Chorwat, który w Polsce prowadził Lecha Poznań, ostatnio był zatrudniony w Dinamie Zagrzeb, Trabsonsporze, Unionie Berlin czy NK Osijek. Od grudnia 2024 pozostaje jednak bez klubu i według wielu doniesień to właśnie 54-letni szkoleniowiec jest faworytem do przejęcia sterów w Legii.

Jednym ze stałych kandydatów jest także Aleksandar Vuković, legenda drużyny "Wojskowych". Serb, który posiada także polski paszport, wcześniej jako trener zdobył ze stołeczną drużyną mistrzostwo Polski i zawsze wykazywał sie lojalnością wobec klubu. W ostatnich dniach pojawiały się jednak doniesienia, że Vuković jest blisko podpisania kontraktu z Beijing Guoan.

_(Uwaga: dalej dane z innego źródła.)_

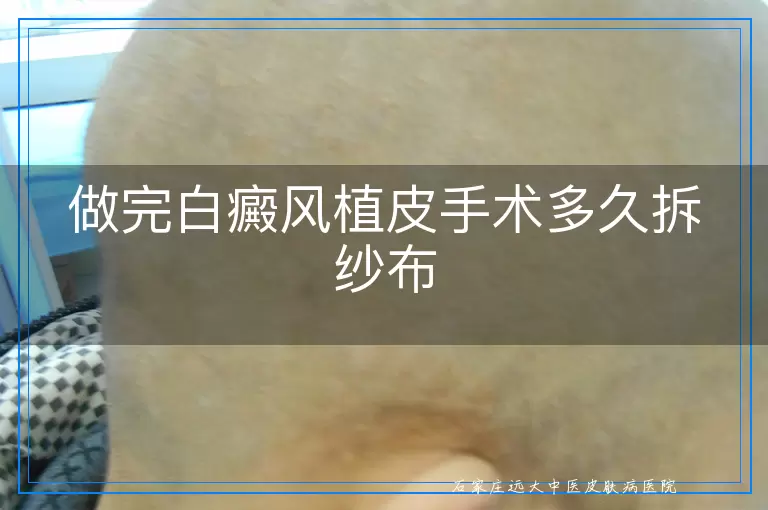做完白癜风植皮手术多久拆纱布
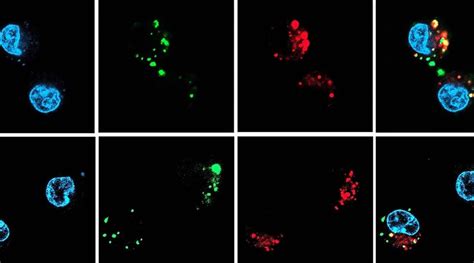 siRNA therapies delivered with oral nanocapsules - Advanced Science News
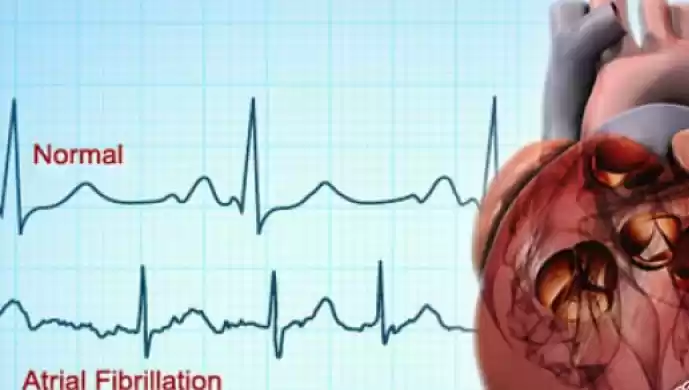 Skrining Dilakukan untuk Deteksi Risiko Kelainan Jantung
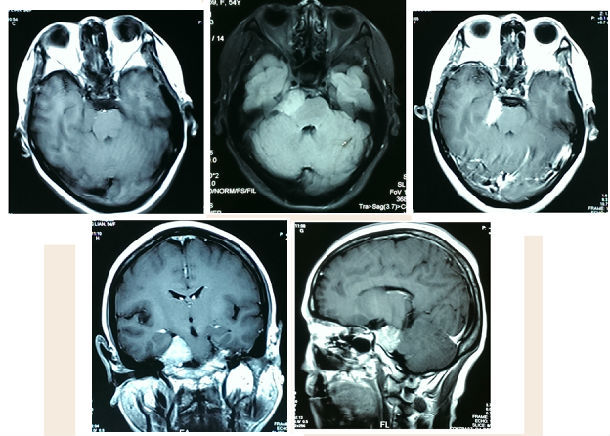 岩骨斜坡脑膜瘤的手术治疗 - 好大夫在线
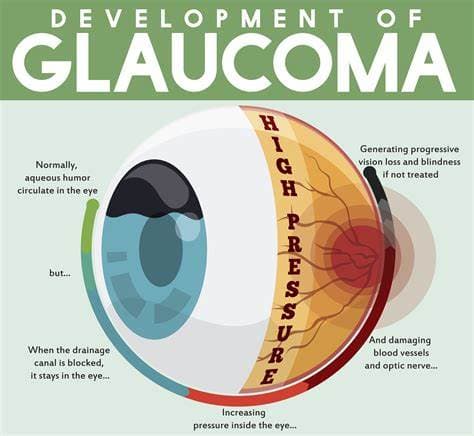 Development of Glaucoma diagram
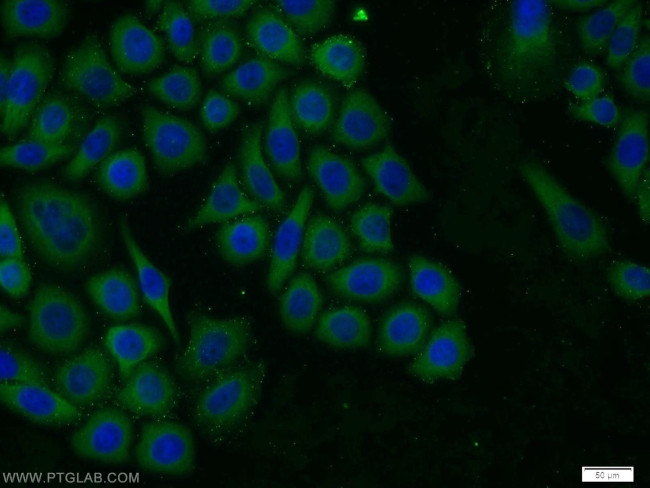 TROVE2 Antibody in Immunocytochemistry (ICC/IF)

Wśród potencjalnych następców Iordanescu wymienia się także Bartosza Grzelaka, szwedzkiego trenera polskiego pochodzenia. 46-letni szkoleniowiec wcześniej prowadził AIK Solna czy Fehervar FC, a ostatnio Ujpest FC, z którego został zwolniony w maju tego roku. Na liście nazwisk znalazł się także Joao Henriques, portugalski trener, który kilka dni temu stracił posadę w Radomiaku. Byłaby to ciekawa wymiana, gdyż w drużynie z Radomia zastąpił go właśnie Goncalo Feio, były szkoleniowiec... Legii.

Nowy sternik Legii ma został ogłoszony w ciągu najbliższych dni, a może i godzin. Właściciel Dariusz Mioduski, dyrektor sportowy Michał Żewłakow czy Fredi Bobic (Head of Football Operations) nie mają czasu do stracenia, w końcu zespół czekają trudne mecze w Lidze Konferencji oraz wyzwania w PKO BP Ekstraklasie, w której strata do liderującego Górnika wynosi już 10 punktów. A Legia na 16. w swojej historii mistrzostwo Polski czeka już od sezonu 2020/21.